When Terry was only four years old, she’d already given me the scare of my life. I’d taken her to a doctor for a whooping- cough shot, turned to talk to the nurse and when I looked around, Terry was outside the window teetering on a ledge six stories above the pavement. “Wait,” whispered the nurse. “Don’t scare her.” She tiptoed to the window and asked softly, “Honey, is there something interesting in the sky?” Terry peered up and my heart skipped a beat. Just then the nurse grabbed her. And that was only the beginning. The remarkable thing is that this madcap fireball who next tried to follow an attendant into a bear’s cage in Griffith Park Zoo, ever grew up in one piece at all.



Terry doesn’t just dabble at sports—she goes at them with all-out championship gusto. That’s why she learned tennis from Dick Seixas and Greg Bautzer; skiing from Jerome Courtland and golf from pro Al Besselink. Sunday afternoons Bob Wagner, other golf enthusiast friends and Terry meet in Griffith Park for their Pitch-and-Putt Club. Terry usually keeps some clubs in her car, so when she passes a driving range and has thirty minutes to spare she can stop off for practice.

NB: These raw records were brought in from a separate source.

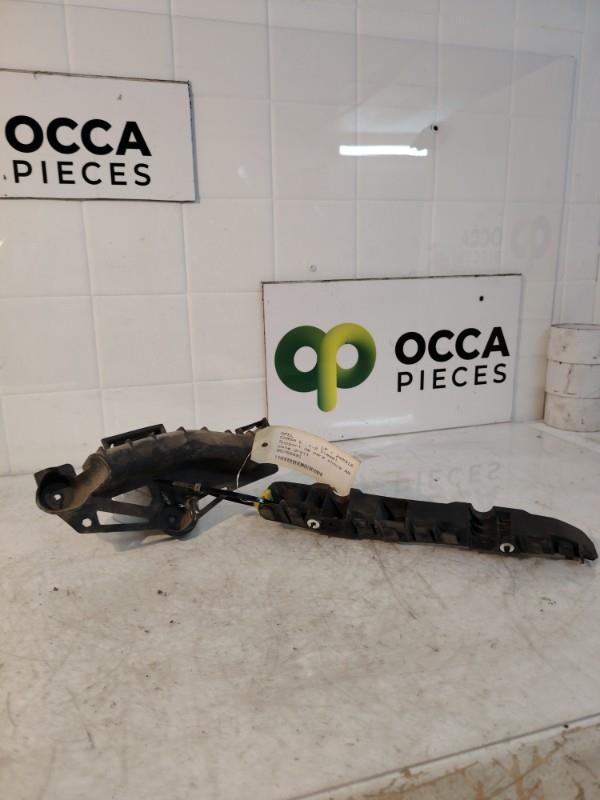 Support de pare chocs arriere OPEL CORSA E Diesel - 1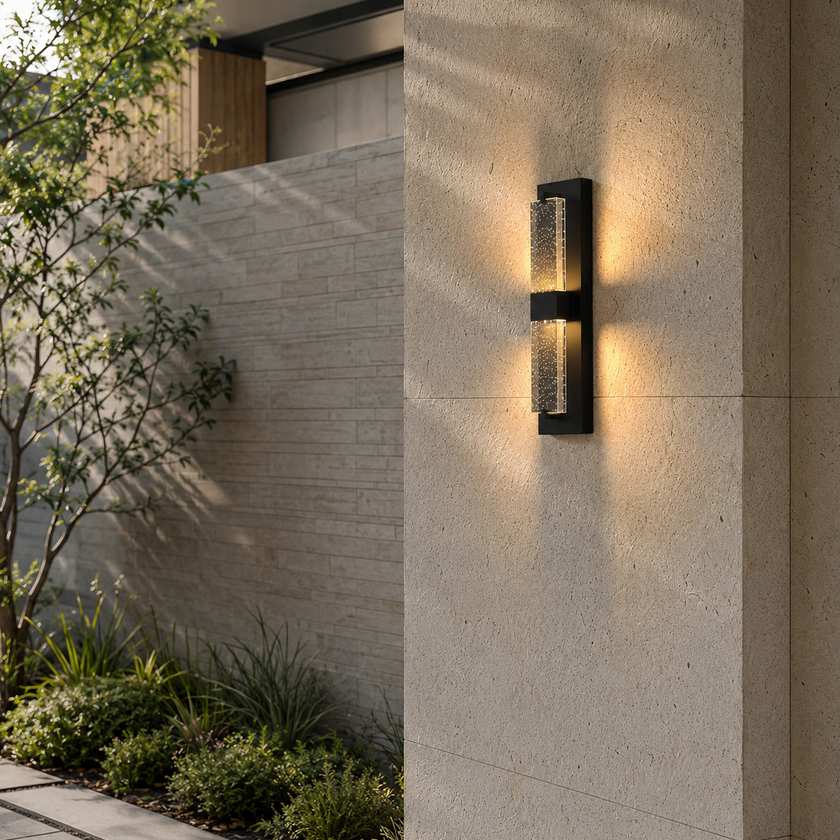 Arvelle | Modern Outdoor Sconce
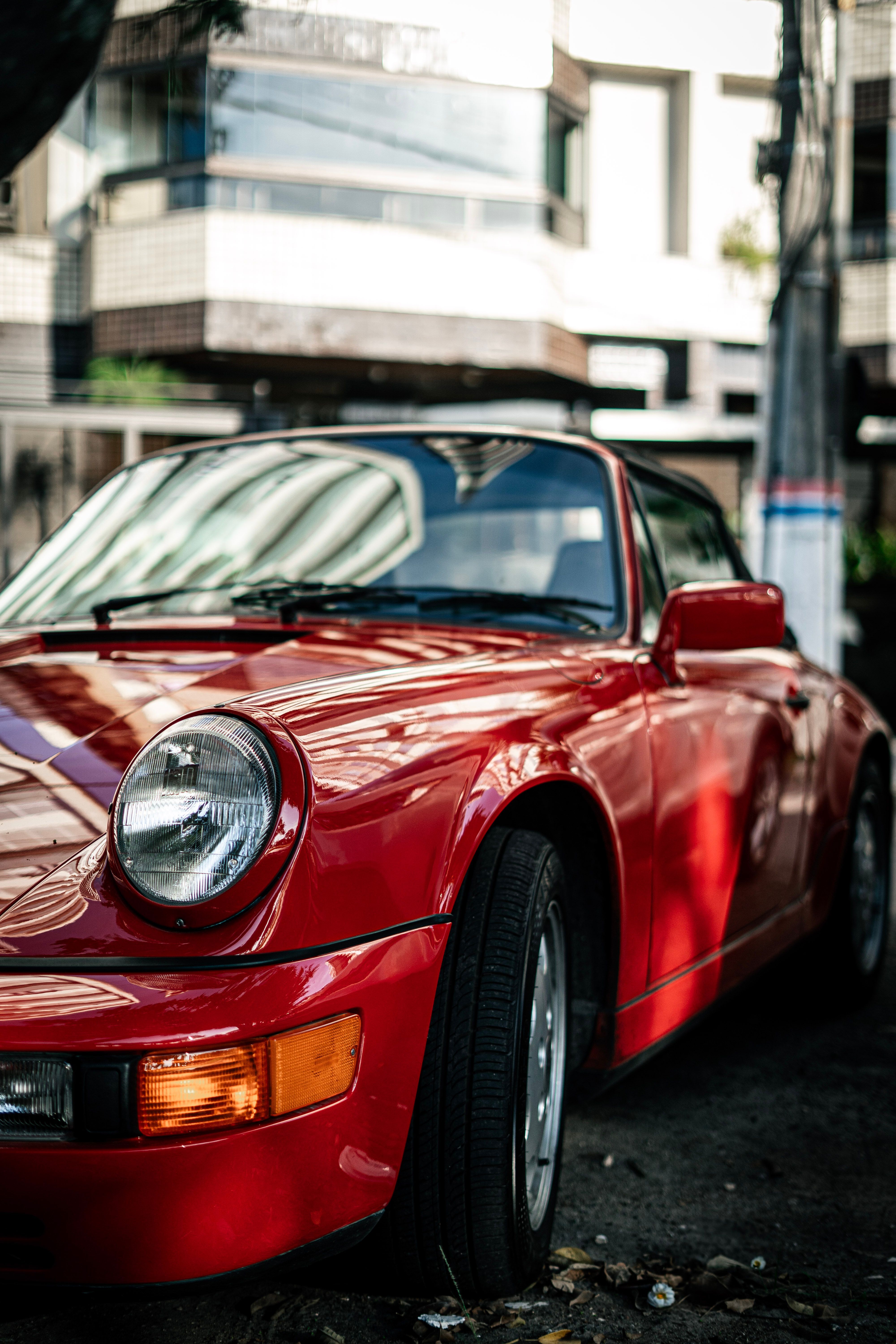 4001x6000 Red Porsche Photo, Download The BEST Free Red Porsche & HD Image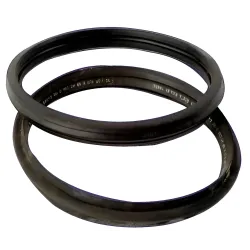 Sandarinimo žiedas 160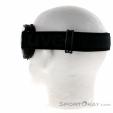 Uvex Downhill 2000 V Ski Goggles, , Black, , Male,Female,Unisex, 0329-10004, 5637743083, , N1-11.jpg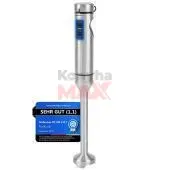 ProfiCook PC-SM 1317 botmixer rozsdamentes acél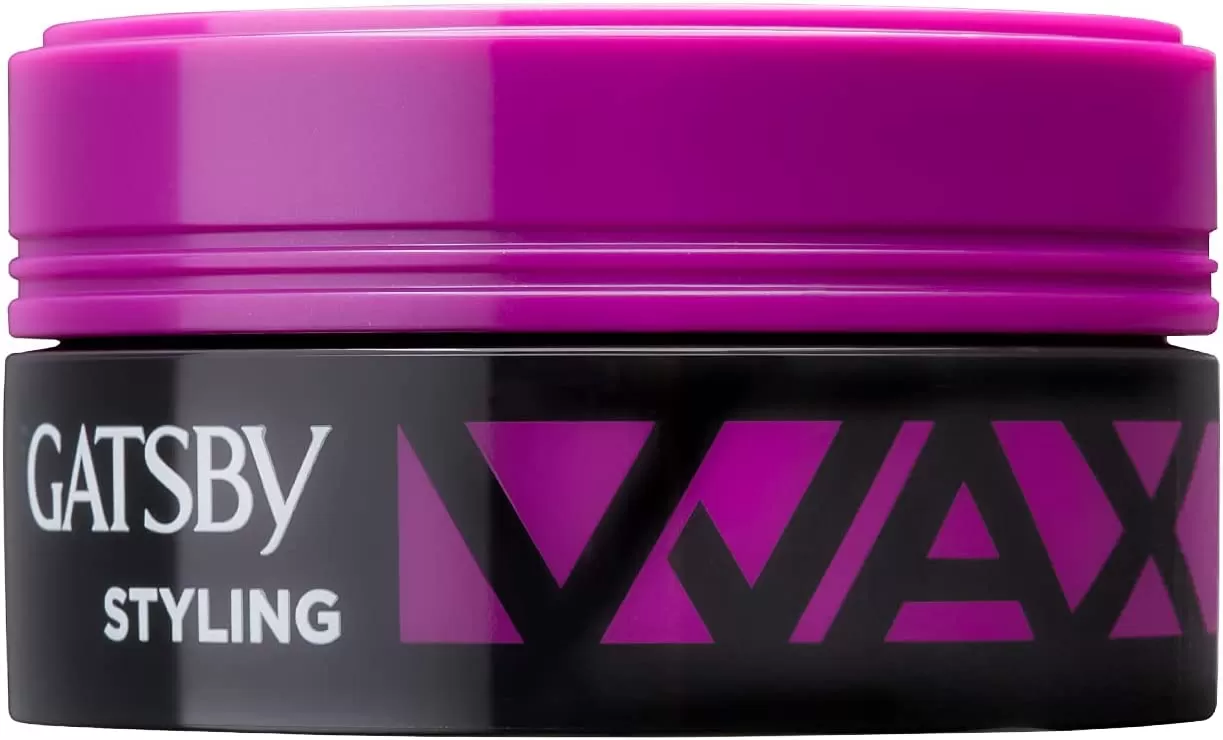 Gatsby Hair Styling Wax 75g Solid Mohawk Extreme & Firm - image 3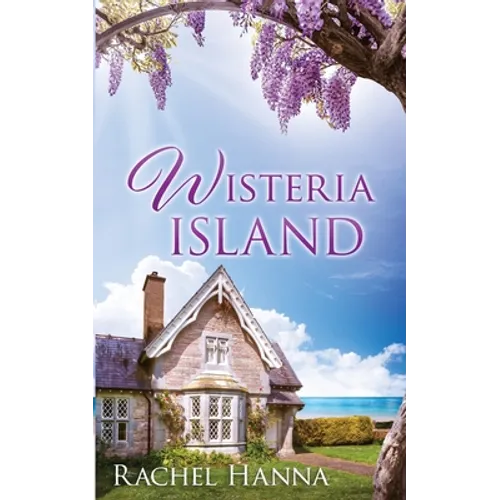 Wisteria Island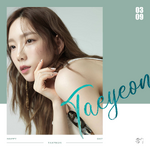 Happy Taeyeon Day (2019)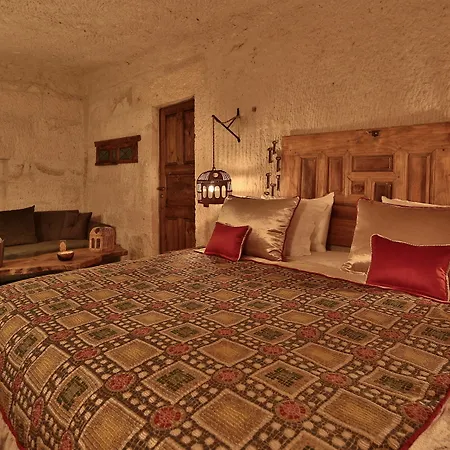 Hotel The Owl Cave 3*
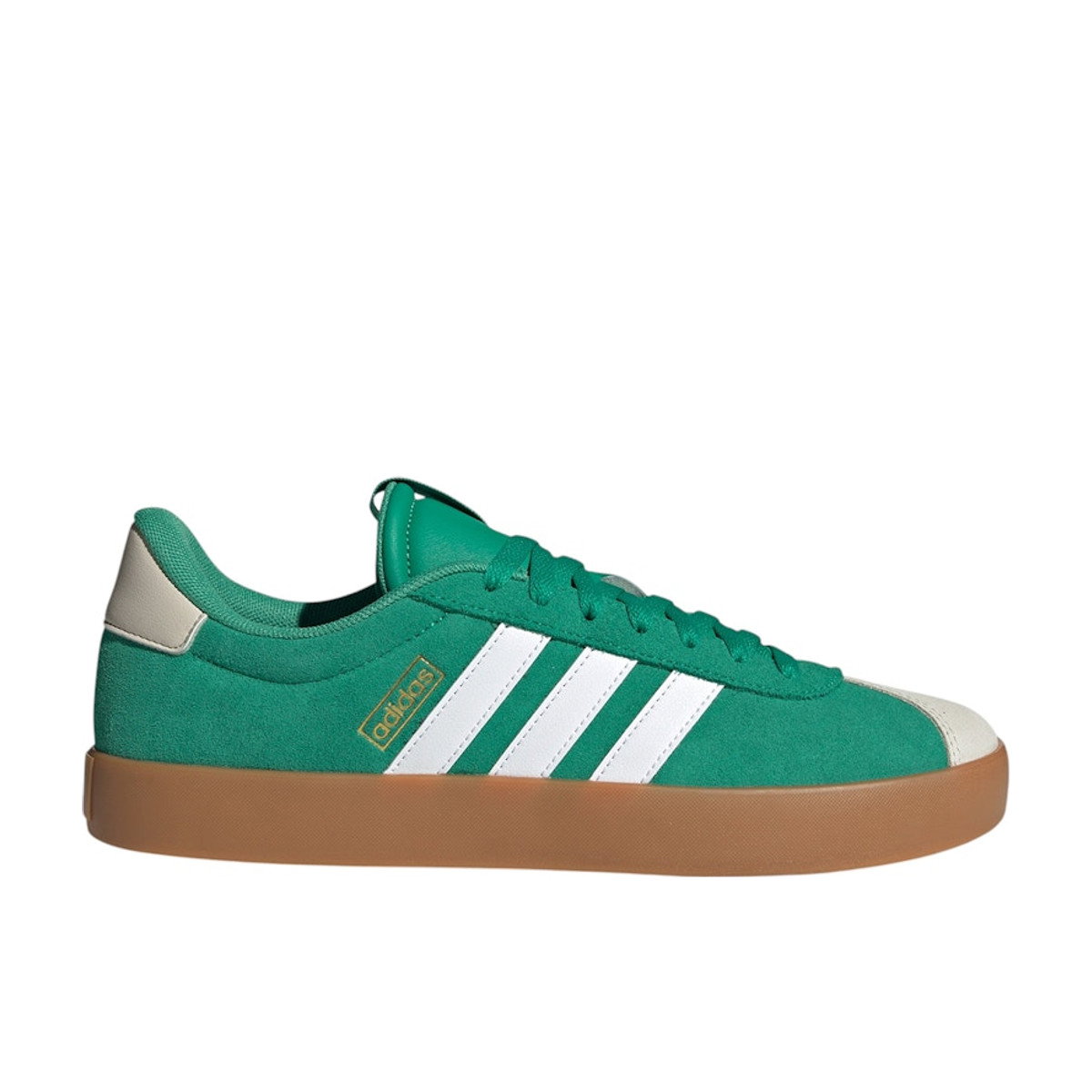 Adidas VL Court 3.0 Court Green Cloud White Alumina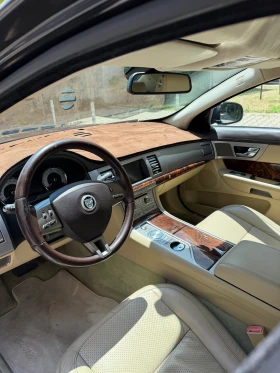 Jaguar Xf 3.0D V6 | Mobile.bg � ����� ������ 7
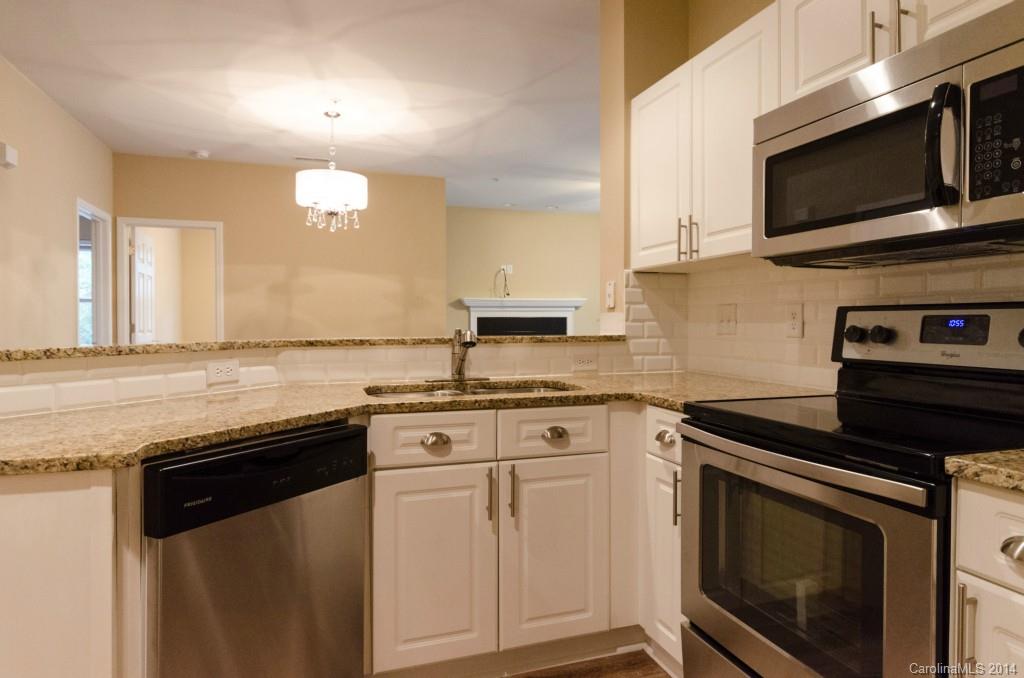 Spinnaker Cove - Residential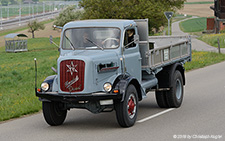 HS 120 AK | ZH 174648 | Henschel | ELGG 05.05.2018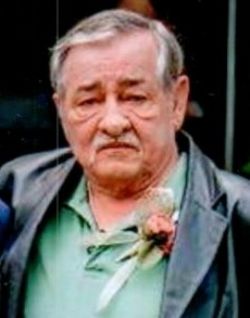 William Boren, obituary — Pace Funeral Home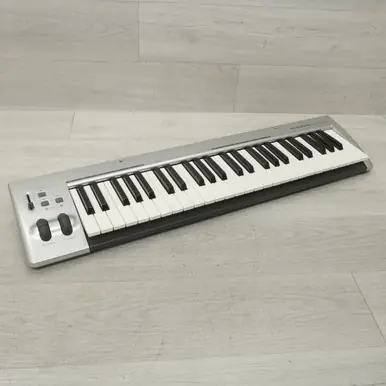 Fast Shipping Used M-audio Keystudio 49-key Controller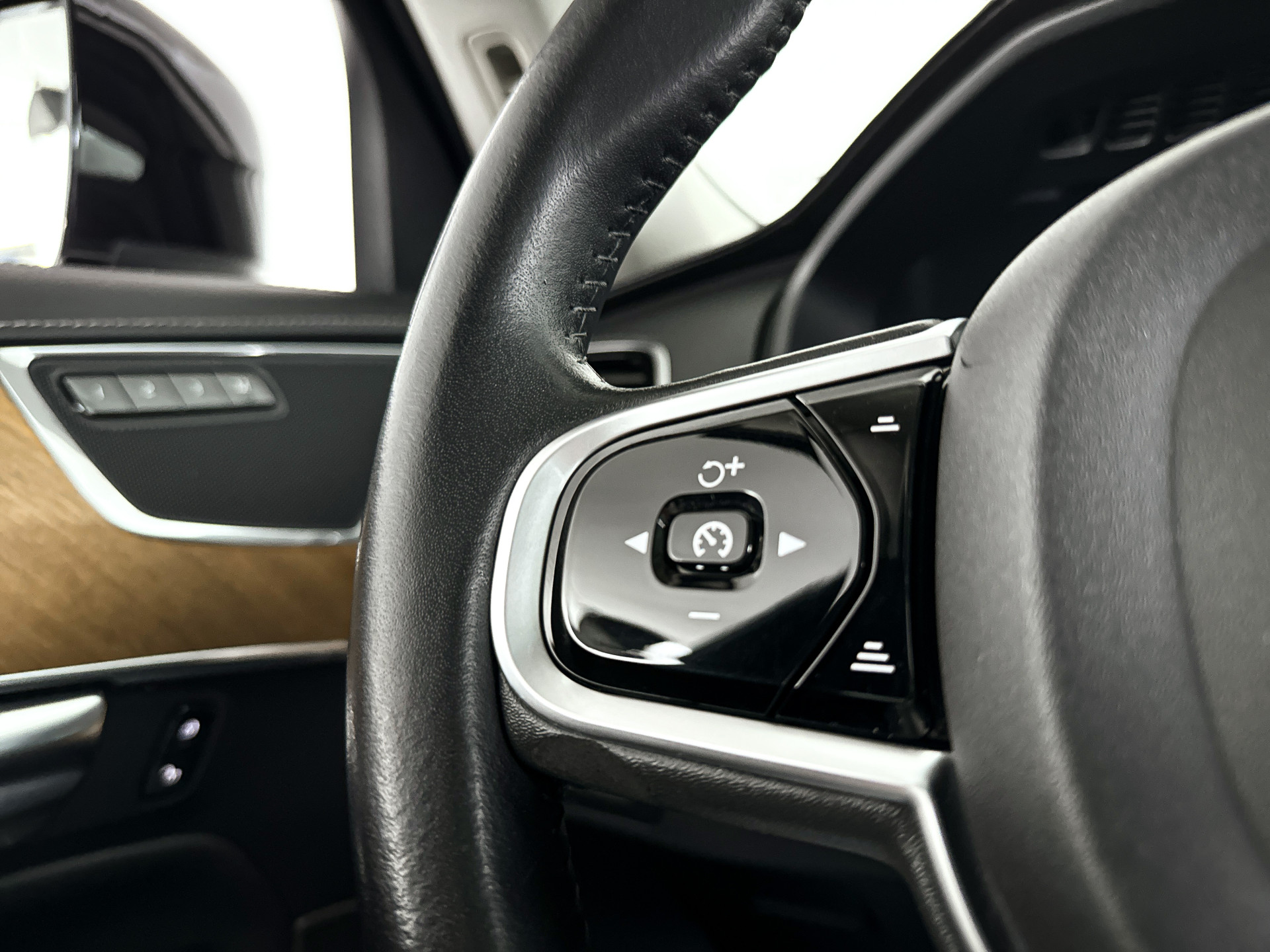 Foto van Volvo Xc90 T8 Twin Engine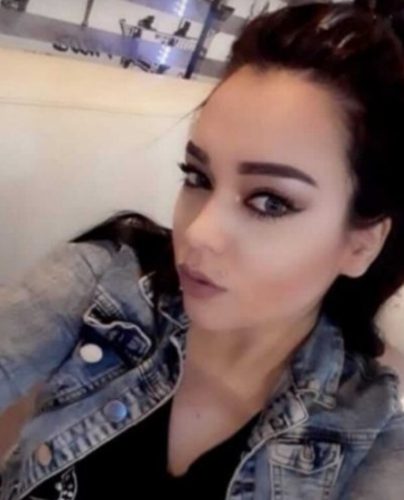 Rezidansa Gelen Vip Escortlar Burada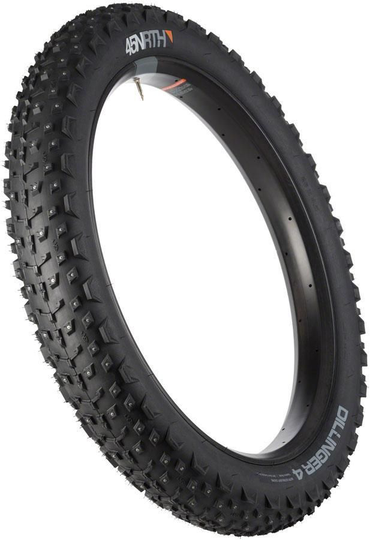 45NRTH Dillinger 4 Nastarengas 26x4.0"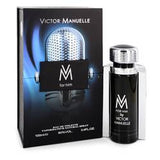 Vm Eau De Toilette Spray By Victor Manuelle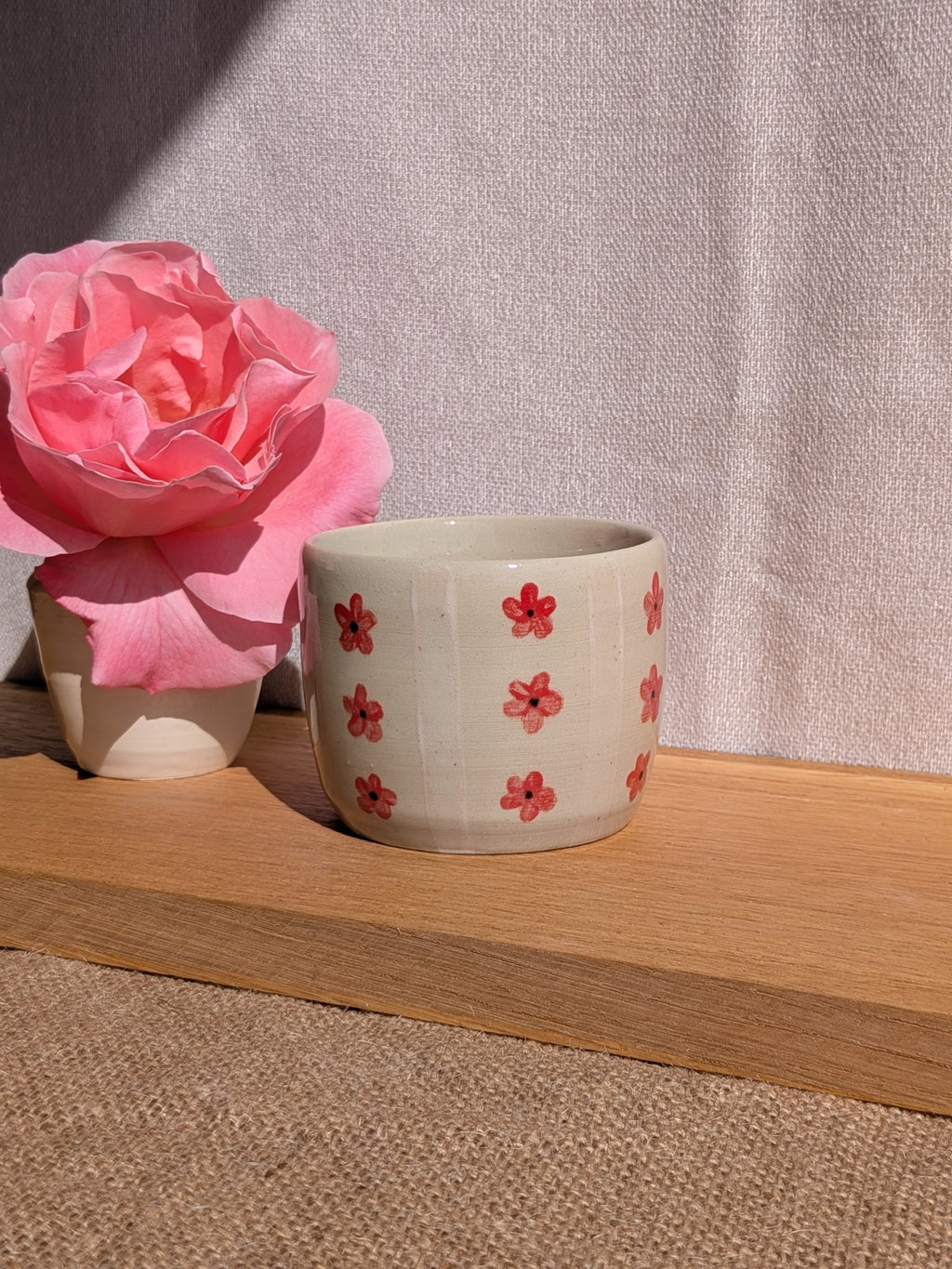 Grande tasse Mayfair sans anse
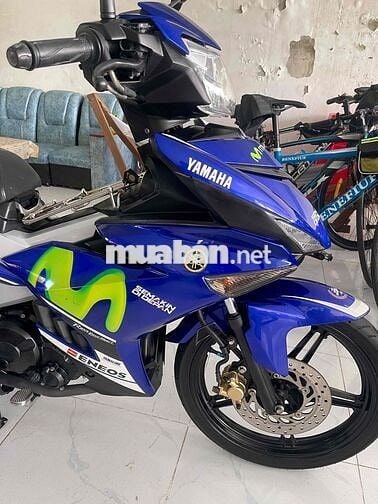 BÁN EXCITER150 Bản MOVISTAR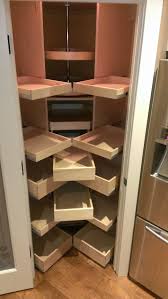 35 Ideas Of Modern Minimalist Kitchen Pantry Cabinets Stegavia Com Corner Pantry Cabinet Pantry Shelving Corner Kitchen Cabinet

She’s unusually co-operative by nature and will say “yes” to any studio demand on her free time or to her friends, when she thinks her presence at a function will be helpful. The other night, after a completely filled day she skipped dinner and drove with a group of young friends clear to Taft, a two-and-a-half-hour drive, to see Tab Hunter open in a new play. And she’ll give up anything to go off on a really important trip like the one to Korea last Christmas.






Sometimes I ask her, “How can you make so many dates in a day? You’d have to be quintuplets to find time for everything you plan today?” “Mother, I’m never tired, really,” she explains. “You get tired only when you’re bored and I’m never bored. What really relaxes me is excitement and hard work. I’ll always have to be doing something and I’m never going to retire. I’ll be like Sophie Tucker.”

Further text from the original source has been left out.